With hindsight, Haque says, he could see his brother was showing signs of serious depression.

After Ziaul’s August 2016 suicide, Haque, who was about to complete his degree in electrical engineering, took a year off from school. He went and stayed with his uncle on Long Island, where he became suicidal. He blamed himself for his brother’s death.

“I felt like I had no point in life,” Haque said. “Like, how do you recover from this?”

He felt Ziaul’s death could have been prevented. That part upset him the most — how no one recognized or addressed his brother’s deteriorating mental health.

Ziaul Haque committed suicide in Aug. 2016 just after his freshman year at NYU. Photo courtesy of Anamul Haque.
Ziaul Haque committed suicide in August 2016, just after completing his freshman year at NYU. Photo courtesy of Anamul Haque.

Suicide is the second leading cause of death for Americans between the ages of 10 and 34 — after unintentional injuries — according to 2016 and 2017 data compiled by the Centers for Disease Control and Prevention. The CDC lists extreme mood swings, increased anger or rage, and expressions of hopelessness and isolation among suicidal warning signs.

Looking to help other young people considering suicide and searching for closure to a painful chapter of his own life, Haque is sharing his story in hopes of passing a bill that would require K-12 New York teachers to take continuing education courses on mental illness, eating disorders and behavioral health disorders.

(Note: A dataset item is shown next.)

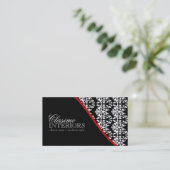 Interior Designer Visitekaartje (Staand voorkant)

The bill, sponsored by Assemblymember Marcos Crespo of the Bronx, did not make it out of committee in the Assembly in 2015 or 2017. This year, it’s back in committee again.

“I still think it’s a worthwhile idea. I still think its relevant,” Crespo told the Brooklyn Eagle. The Assembly bill has about a half-dozen co-sponsors, he said. “I think it’s fair to say that educators should have a basic understanding of mental health.”

The bill has no co-sponsor in the State Senate, however.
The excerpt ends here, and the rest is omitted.